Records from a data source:

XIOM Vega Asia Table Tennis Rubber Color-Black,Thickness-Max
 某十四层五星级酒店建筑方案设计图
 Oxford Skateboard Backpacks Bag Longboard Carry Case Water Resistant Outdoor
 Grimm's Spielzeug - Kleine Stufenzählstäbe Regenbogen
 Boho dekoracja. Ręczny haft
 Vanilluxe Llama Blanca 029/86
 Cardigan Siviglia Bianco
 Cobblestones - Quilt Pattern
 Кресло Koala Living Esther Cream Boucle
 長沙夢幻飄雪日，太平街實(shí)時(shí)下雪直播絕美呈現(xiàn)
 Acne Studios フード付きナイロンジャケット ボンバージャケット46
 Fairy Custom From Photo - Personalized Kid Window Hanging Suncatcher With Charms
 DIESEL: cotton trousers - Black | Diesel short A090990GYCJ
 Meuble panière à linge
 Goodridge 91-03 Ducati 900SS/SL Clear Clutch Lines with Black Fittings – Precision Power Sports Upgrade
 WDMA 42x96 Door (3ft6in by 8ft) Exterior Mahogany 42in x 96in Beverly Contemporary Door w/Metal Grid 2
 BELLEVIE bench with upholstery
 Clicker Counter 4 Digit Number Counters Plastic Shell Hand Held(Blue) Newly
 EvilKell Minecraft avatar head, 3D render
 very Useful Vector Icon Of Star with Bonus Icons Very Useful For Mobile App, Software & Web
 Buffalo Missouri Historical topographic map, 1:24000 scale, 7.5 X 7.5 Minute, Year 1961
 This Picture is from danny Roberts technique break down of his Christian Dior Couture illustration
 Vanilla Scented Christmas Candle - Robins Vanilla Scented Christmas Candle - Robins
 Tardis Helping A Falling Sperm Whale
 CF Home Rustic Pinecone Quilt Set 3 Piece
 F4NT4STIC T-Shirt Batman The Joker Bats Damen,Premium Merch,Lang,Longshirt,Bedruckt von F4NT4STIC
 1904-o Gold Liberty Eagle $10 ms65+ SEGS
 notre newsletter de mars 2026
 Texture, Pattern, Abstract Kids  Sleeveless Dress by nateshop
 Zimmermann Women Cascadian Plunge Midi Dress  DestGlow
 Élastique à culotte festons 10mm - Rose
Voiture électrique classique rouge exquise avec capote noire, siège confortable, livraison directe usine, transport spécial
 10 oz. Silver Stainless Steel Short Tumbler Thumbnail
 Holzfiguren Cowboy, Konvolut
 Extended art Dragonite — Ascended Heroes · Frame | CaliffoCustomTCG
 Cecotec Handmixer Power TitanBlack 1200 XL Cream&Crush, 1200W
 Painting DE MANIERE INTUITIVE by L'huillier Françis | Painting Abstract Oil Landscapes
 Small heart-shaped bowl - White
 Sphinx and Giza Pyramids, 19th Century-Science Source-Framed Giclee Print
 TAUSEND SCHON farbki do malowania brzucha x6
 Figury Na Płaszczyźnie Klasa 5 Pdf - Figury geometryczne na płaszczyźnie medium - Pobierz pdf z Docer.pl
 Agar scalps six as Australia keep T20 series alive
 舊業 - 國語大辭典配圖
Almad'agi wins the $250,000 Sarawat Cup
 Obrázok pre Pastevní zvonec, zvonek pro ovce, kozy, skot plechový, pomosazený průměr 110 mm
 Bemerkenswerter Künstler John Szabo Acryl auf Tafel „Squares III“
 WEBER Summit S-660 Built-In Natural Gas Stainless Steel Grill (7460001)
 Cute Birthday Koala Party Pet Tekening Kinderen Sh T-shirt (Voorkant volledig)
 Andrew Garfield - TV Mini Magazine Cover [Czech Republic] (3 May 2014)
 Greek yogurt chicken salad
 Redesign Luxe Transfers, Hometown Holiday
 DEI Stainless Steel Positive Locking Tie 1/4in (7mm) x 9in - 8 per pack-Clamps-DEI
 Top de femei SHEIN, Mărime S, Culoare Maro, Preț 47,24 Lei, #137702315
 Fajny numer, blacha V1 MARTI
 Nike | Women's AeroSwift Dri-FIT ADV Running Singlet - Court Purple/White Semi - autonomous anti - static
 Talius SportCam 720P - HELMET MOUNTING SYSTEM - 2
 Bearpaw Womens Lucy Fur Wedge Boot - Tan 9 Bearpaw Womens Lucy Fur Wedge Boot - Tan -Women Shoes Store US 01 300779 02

_Problem_
Your answer must be the lines above from the one containing "Grimm's Spielzeug - Kleine" to the one containing "very Useful Vector", both included, restated word for word.

_Result of this exercise_
 Grimm's Spielzeug - Kleine Stufenzählstäbe Regenbogen
 Boho dekoracja. Ręczny haft
 Vanilluxe Llama Blanca 029/86
 Cardigan Siviglia Bianco
 Cobblestones - Quilt Pattern
 Кресло Koala Living Esther Cream Boucle
 長沙夢幻飄雪日，太平街實(shí)時(shí)下雪直播絕美呈現(xiàn)
 Acne Studios フード付きナイロンジャケット ボンバージャケット46
 Fairy Custom From Photo - Personalized Kid Window Hanging Suncatcher With Charms
 DIESEL: cotton trousers - Black | Diesel short A090990GYCJ
 Meuble panière à linge
 Goodridge 91-03 Ducati 900SS/SL Clear Clutch Lines with Black Fittings – Precision Power Sports Upgrade
 WDMA 42x96 Door (3ft6in by 8ft) Exterior Mahogany 42in x 96in Beverly Contemporary Door w/Metal Grid 2
 BELLEVIE bench with upholstery
 Clicker Counter 4 Digit Number Counters Plastic Shell Hand Held(Blue) Newly
 EvilKell Minecraft avatar head, 3D render
 very Useful Vector Icon Of Star with Bonus Icons Very Useful For Mobile App, Software & Web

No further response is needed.